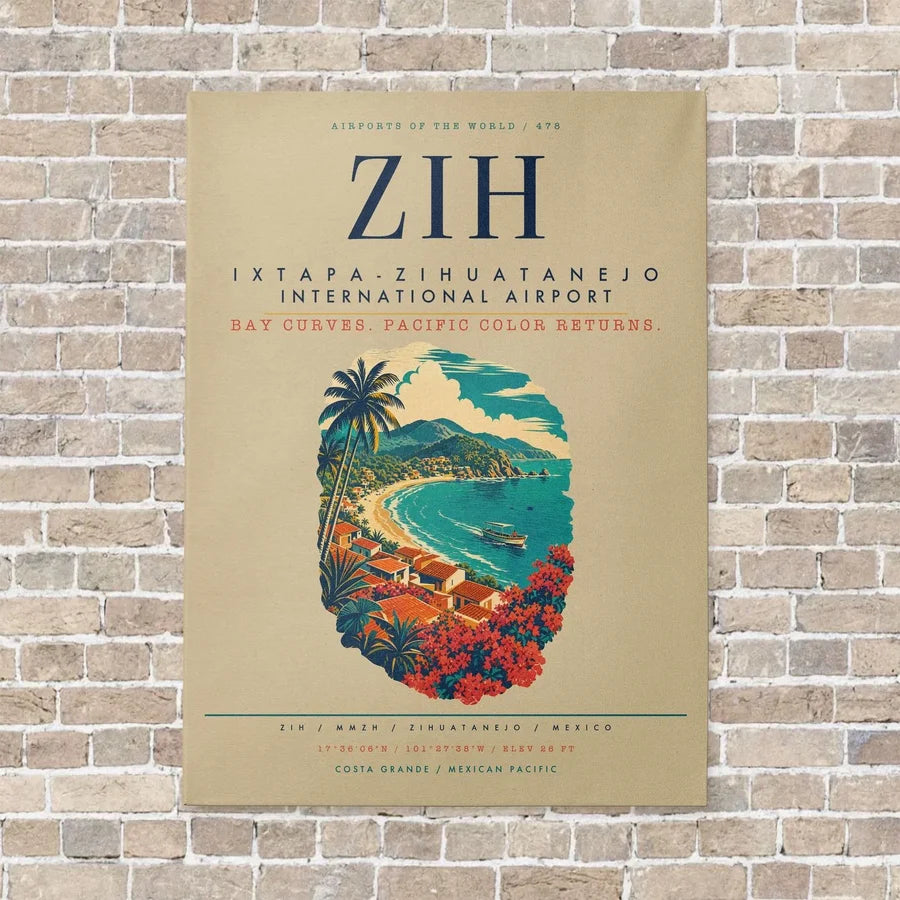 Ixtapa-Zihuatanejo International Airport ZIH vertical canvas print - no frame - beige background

======

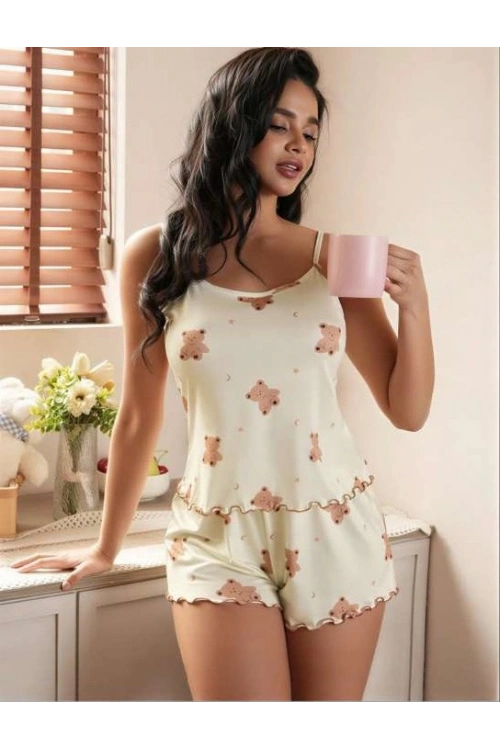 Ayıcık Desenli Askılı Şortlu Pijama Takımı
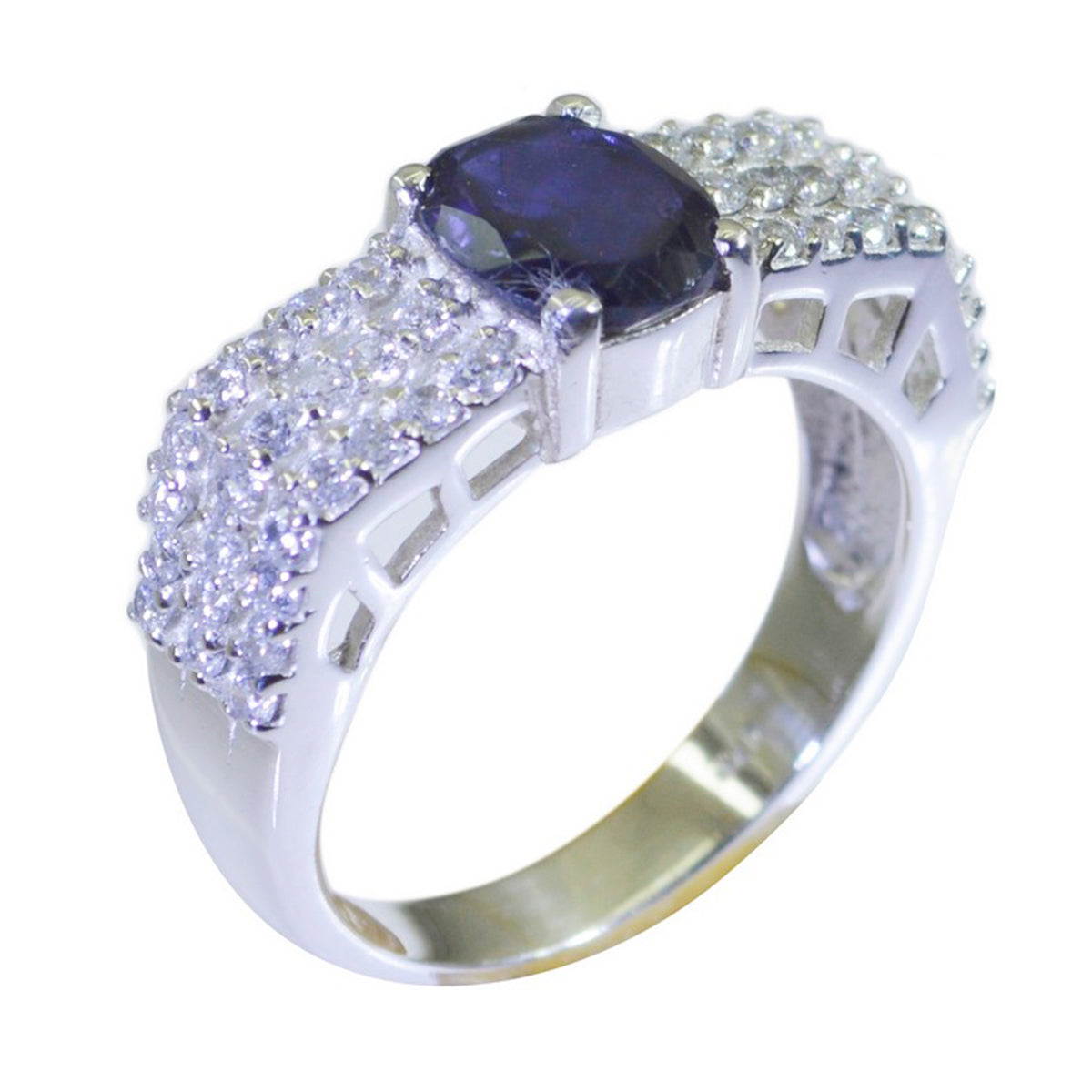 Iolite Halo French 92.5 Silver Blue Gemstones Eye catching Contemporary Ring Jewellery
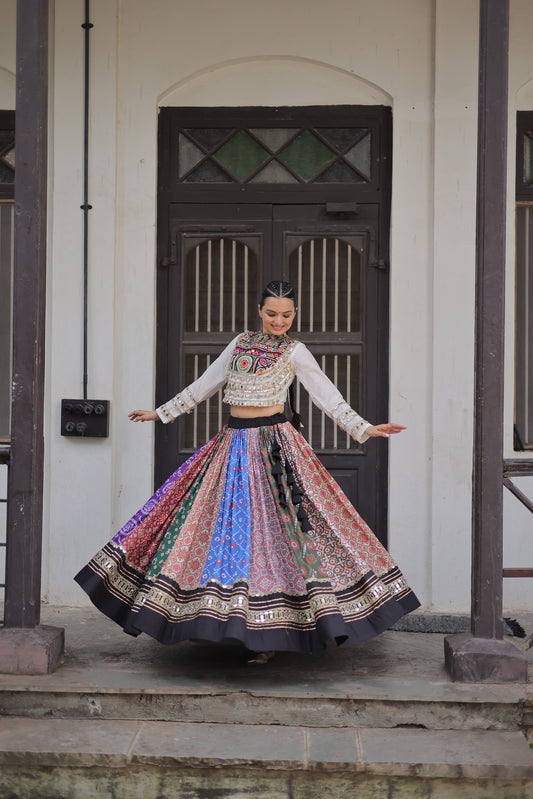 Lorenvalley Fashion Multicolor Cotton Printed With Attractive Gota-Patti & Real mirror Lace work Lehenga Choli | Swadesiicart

======

YOUR OBJECTIVE → All that should be printed is the run of lines above from the one with "Ayıcık Desenli Askılı Şortlu Pijama Takımı" through the one with "Lorenvalley Fashion Multicolor", both included, exactly as given, with pictures left out.

ANSWER FOR THE TASK →
 Ayıcık Desenli Askılı Şortlu Pijama Takımı
 Iolite Halo French 92.5 Silver Blue Gemstones Eye catching Contemporary Ring Jewellery
 Lorenvalley Fashion Multicolor Cotton Printed With Attractive Gota-Patti & Real mirror Lace work Lehenga Choli | Swadesiicart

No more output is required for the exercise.